- _Exercise directions_
From the first line to the last, output the data exactly as it stands, minus its pictures.

** Opening Supplied data block **

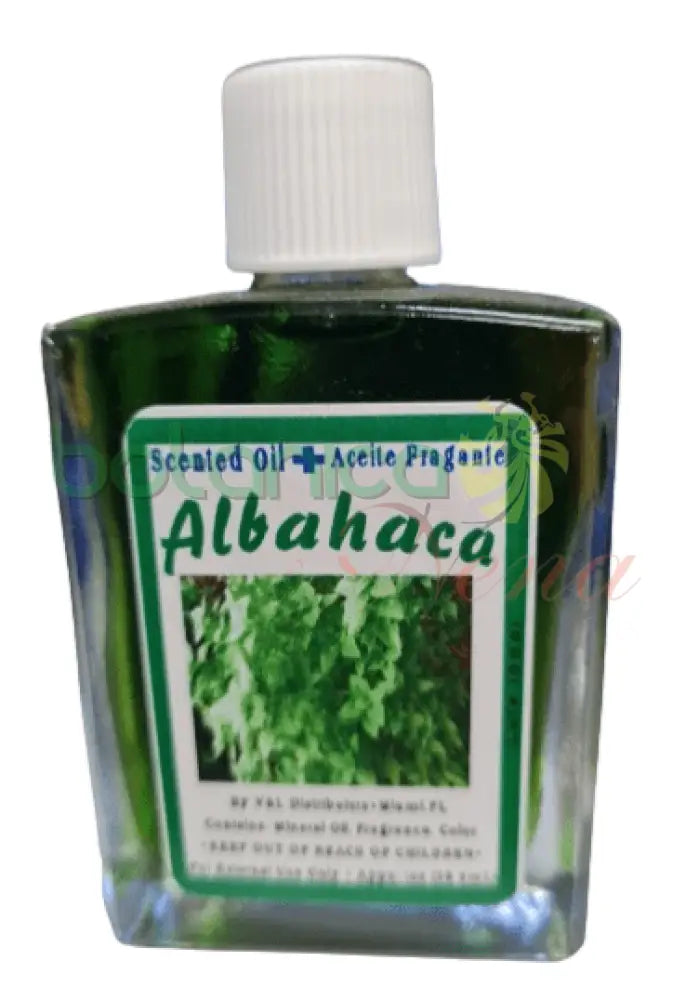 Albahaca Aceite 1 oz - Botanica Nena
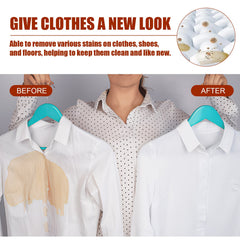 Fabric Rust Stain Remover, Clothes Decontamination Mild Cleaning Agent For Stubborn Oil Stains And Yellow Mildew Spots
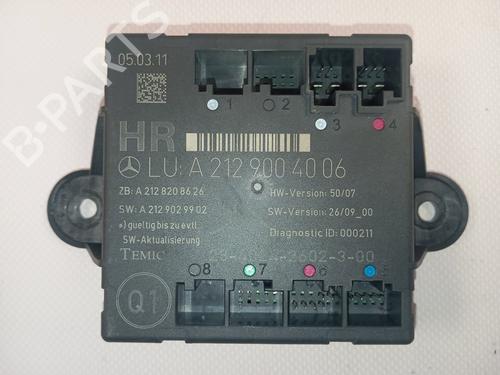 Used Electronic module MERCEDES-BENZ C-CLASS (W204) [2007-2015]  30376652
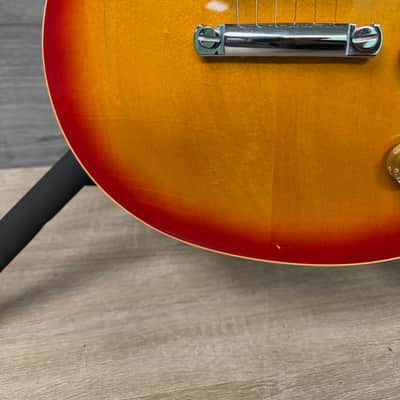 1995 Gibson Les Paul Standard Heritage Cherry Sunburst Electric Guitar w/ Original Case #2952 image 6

** Closing Supplied data block **

- _Response area_
 Albahaca Aceite 1 oz - Botanica Nena
 Fabric Rust Stain Remover, Clothes Decontamination Mild Cleaning Agent For Stubborn Oil Stains And Yellow Mildew Spots
 Used Electronic module MERCEDES-BENZ C-CLASS (W204) [2007-2015]  30376652
 1995 Gibson Les Paul Standard Heritage Cherry Sunburst Electric Guitar w/ Original Case #2952 image 6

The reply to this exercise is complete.